▶ [Task]
Up to and including the line that contains "للبيع بلوفرات شتوية", return every line from the start of the data, unchanged.

______

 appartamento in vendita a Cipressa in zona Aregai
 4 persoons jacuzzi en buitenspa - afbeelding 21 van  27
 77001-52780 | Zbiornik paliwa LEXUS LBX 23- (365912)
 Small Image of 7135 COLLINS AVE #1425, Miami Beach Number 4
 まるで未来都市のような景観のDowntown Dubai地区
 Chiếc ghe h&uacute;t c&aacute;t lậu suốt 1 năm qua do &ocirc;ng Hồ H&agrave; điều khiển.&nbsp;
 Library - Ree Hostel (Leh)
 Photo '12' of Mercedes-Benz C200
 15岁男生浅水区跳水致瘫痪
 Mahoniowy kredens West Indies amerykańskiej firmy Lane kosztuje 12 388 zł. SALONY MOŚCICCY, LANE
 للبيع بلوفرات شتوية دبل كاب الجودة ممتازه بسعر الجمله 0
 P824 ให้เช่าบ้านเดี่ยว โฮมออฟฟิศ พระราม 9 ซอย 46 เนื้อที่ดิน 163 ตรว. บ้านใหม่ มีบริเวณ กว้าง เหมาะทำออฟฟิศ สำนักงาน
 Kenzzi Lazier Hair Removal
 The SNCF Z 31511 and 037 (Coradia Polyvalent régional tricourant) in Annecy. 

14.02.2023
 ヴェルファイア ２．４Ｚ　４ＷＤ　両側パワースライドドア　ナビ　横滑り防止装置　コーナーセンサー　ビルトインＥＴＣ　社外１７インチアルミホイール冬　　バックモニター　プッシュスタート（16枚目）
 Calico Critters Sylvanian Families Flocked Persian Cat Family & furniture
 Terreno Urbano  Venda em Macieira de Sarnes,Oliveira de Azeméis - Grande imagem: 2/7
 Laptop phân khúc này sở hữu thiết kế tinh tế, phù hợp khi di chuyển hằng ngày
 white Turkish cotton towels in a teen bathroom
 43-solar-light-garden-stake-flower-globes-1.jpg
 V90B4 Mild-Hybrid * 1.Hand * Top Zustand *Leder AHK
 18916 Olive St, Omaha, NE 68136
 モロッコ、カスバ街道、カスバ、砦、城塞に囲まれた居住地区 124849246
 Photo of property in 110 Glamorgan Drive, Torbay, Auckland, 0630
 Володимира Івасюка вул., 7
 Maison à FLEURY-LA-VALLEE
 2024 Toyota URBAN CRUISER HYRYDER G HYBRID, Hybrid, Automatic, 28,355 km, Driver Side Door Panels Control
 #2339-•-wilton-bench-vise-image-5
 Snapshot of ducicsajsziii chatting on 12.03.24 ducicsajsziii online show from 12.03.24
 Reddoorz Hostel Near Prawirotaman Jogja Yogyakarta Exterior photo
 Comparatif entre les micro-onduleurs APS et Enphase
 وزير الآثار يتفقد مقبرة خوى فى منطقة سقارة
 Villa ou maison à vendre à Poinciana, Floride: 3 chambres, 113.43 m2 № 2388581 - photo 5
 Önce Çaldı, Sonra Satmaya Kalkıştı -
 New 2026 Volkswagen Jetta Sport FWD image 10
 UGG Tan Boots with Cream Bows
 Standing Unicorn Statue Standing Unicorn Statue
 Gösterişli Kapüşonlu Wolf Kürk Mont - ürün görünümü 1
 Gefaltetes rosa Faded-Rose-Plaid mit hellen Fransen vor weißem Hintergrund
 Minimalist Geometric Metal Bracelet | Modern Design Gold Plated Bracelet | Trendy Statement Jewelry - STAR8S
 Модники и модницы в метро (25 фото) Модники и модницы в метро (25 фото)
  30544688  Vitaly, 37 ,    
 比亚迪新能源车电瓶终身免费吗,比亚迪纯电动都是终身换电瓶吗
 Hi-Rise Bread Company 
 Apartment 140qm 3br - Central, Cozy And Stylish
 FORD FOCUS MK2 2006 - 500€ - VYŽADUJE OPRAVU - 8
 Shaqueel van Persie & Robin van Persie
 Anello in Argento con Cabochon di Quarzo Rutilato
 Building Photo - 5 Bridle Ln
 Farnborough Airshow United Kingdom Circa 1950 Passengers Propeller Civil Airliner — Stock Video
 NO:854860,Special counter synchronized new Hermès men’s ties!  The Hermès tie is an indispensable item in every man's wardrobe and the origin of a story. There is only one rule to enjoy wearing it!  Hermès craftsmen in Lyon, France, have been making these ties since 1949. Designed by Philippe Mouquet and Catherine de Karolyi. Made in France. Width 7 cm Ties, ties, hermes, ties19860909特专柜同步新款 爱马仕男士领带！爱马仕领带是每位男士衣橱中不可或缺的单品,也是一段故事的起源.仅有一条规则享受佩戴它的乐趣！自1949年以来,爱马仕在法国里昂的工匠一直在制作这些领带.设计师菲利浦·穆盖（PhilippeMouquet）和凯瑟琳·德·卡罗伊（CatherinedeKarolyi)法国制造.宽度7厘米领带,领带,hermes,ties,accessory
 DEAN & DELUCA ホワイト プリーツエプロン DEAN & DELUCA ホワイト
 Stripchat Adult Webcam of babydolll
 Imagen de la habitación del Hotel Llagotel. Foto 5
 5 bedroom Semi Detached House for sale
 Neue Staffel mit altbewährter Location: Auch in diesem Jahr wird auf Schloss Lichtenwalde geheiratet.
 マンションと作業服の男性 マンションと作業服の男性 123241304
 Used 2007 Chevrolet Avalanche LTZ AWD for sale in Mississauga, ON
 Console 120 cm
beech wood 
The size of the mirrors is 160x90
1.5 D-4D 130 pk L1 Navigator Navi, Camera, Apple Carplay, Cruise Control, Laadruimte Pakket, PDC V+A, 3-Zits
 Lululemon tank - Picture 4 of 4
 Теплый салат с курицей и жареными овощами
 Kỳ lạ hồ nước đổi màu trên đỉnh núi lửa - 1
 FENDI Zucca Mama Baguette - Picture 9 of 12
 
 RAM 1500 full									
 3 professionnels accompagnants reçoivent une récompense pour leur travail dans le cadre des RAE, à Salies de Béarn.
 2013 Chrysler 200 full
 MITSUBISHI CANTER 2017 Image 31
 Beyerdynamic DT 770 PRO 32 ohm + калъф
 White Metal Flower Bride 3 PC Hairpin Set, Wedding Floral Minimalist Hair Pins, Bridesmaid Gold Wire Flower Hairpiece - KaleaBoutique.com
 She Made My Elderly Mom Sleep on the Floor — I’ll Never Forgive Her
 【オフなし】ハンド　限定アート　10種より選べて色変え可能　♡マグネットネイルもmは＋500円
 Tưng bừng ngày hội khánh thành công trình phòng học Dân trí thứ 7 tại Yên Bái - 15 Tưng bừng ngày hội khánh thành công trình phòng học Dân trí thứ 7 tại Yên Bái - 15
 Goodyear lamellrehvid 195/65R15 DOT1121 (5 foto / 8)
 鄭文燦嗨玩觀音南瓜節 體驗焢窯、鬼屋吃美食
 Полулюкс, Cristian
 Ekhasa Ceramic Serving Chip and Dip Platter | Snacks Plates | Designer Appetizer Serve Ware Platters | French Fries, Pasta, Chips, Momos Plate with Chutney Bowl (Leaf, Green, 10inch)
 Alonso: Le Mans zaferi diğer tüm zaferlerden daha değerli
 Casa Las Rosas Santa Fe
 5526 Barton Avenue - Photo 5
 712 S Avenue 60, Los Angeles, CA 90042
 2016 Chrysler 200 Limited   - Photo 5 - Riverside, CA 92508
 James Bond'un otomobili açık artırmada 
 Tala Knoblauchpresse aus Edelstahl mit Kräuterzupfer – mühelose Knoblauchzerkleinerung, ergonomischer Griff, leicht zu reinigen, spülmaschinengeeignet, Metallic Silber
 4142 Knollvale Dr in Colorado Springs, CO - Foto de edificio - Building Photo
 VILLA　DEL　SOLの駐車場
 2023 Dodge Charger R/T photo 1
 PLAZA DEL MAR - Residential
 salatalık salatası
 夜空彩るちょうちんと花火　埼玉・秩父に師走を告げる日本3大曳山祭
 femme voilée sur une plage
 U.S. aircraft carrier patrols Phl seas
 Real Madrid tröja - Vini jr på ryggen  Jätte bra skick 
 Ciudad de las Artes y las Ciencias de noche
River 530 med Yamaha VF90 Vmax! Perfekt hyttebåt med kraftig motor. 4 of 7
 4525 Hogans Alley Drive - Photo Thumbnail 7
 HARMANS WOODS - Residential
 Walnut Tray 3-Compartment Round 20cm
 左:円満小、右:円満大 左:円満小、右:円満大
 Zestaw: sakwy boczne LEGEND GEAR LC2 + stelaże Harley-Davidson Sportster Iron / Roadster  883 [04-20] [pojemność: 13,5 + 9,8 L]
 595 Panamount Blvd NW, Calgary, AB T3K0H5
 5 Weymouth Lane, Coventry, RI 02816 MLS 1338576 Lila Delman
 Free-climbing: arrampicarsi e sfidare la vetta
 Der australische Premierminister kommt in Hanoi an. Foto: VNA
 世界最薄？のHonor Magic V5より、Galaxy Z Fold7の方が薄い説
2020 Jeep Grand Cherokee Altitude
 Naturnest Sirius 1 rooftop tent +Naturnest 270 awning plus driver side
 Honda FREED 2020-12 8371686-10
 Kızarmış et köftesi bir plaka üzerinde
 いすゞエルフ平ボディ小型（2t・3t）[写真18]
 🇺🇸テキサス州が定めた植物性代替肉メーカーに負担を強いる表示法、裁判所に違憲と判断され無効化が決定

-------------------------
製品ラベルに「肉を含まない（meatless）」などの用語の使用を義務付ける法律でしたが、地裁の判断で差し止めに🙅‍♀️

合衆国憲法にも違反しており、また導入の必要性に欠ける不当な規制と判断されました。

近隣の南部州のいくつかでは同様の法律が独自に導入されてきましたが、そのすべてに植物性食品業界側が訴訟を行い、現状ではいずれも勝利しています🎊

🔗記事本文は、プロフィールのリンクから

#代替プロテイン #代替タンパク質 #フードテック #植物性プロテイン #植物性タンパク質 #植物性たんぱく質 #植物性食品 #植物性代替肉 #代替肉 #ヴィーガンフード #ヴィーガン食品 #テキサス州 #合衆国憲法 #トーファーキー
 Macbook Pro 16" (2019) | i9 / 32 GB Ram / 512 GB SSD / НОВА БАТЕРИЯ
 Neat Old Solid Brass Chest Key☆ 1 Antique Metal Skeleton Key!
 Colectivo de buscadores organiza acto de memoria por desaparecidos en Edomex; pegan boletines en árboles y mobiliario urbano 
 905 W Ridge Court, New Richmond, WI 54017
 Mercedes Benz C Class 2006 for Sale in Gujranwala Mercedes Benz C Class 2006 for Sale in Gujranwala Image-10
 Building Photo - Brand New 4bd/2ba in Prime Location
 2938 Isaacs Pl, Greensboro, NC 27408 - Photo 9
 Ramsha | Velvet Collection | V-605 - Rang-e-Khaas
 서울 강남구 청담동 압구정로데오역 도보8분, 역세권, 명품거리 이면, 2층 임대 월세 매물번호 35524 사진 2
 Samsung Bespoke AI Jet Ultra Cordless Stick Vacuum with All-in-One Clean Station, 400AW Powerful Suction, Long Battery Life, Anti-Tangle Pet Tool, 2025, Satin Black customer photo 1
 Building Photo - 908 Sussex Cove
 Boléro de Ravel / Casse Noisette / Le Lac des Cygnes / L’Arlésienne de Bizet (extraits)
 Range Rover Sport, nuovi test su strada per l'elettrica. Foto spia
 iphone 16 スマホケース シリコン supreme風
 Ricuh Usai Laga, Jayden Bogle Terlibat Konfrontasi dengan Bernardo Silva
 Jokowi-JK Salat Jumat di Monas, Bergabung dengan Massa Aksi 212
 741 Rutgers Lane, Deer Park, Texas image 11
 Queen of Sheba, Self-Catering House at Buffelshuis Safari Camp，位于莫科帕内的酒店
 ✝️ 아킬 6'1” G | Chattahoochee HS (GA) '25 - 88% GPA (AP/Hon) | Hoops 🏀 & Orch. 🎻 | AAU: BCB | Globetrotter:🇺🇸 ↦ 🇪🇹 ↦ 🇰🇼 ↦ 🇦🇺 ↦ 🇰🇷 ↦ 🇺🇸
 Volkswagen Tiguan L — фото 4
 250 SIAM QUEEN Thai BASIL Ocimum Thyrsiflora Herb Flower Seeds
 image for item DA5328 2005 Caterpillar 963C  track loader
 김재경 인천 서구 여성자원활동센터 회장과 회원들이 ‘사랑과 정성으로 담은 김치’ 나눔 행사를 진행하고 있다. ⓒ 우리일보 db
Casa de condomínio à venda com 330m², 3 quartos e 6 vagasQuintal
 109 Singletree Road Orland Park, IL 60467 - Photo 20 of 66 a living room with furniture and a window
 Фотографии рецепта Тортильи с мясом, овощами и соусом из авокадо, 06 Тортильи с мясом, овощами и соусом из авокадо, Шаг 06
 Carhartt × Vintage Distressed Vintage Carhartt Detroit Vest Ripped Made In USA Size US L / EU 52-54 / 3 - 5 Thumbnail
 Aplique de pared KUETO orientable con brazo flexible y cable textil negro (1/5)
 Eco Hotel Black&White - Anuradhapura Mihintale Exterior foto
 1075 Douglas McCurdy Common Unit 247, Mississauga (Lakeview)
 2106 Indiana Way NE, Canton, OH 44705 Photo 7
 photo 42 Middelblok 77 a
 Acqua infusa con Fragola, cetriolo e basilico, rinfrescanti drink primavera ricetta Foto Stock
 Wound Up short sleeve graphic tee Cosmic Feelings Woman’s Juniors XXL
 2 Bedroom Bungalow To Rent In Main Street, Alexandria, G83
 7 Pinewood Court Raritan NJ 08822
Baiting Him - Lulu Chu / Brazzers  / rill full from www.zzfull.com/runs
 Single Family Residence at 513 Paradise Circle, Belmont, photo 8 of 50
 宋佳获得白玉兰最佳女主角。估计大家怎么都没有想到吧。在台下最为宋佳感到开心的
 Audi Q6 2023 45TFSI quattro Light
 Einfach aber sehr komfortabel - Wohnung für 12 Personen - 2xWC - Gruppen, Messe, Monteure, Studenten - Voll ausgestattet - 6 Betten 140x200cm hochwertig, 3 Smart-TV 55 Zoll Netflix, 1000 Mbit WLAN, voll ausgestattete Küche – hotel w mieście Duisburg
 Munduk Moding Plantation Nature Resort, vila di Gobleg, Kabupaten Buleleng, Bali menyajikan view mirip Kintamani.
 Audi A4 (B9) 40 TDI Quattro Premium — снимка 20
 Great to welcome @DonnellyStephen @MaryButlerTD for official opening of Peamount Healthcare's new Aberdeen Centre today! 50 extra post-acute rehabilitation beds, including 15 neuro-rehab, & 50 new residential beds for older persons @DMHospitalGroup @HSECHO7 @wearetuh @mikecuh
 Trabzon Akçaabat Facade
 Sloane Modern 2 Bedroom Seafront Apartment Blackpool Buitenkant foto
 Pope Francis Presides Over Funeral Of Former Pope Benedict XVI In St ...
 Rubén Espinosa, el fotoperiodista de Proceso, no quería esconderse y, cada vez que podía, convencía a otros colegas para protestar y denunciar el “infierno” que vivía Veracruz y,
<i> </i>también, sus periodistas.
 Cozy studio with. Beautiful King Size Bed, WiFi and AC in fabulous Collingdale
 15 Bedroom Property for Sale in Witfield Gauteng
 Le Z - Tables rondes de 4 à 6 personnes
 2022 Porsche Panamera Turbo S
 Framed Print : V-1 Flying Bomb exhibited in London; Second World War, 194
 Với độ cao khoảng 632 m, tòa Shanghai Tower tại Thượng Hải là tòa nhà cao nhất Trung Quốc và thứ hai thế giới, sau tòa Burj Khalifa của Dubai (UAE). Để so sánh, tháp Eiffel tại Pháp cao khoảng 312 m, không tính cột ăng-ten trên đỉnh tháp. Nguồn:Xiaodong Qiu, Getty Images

______

▶ [Output for this exercise]
 appartamento in vendita a Cipressa in zona Aregai
 4 persoons jacuzzi en buitenspa - afbeelding 21 van  27
 77001-52780 | Zbiornik paliwa LEXUS LBX 23- (365912)
 Small Image of 7135 COLLINS AVE #1425, Miami Beach Number 4
 まるで未来都市のような景観のDowntown Dubai地区
 Chiếc ghe h&uacute;t c&aacute;t lậu suốt 1 năm qua do &ocirc;ng Hồ H&agrave; điều khiển.&nbsp;
 Library - Ree Hostel (Leh)
 Photo '12' of Mercedes-Benz C200
 15岁男生浅水区跳水致瘫痪
 Mahoniowy kredens West Indies amerykańskiej firmy Lane kosztuje 12 388 zł. SALONY MOŚCICCY, LANE
 للبيع بلوفرات شتوية دبل كاب الجودة ممتازه بسعر الجمله 0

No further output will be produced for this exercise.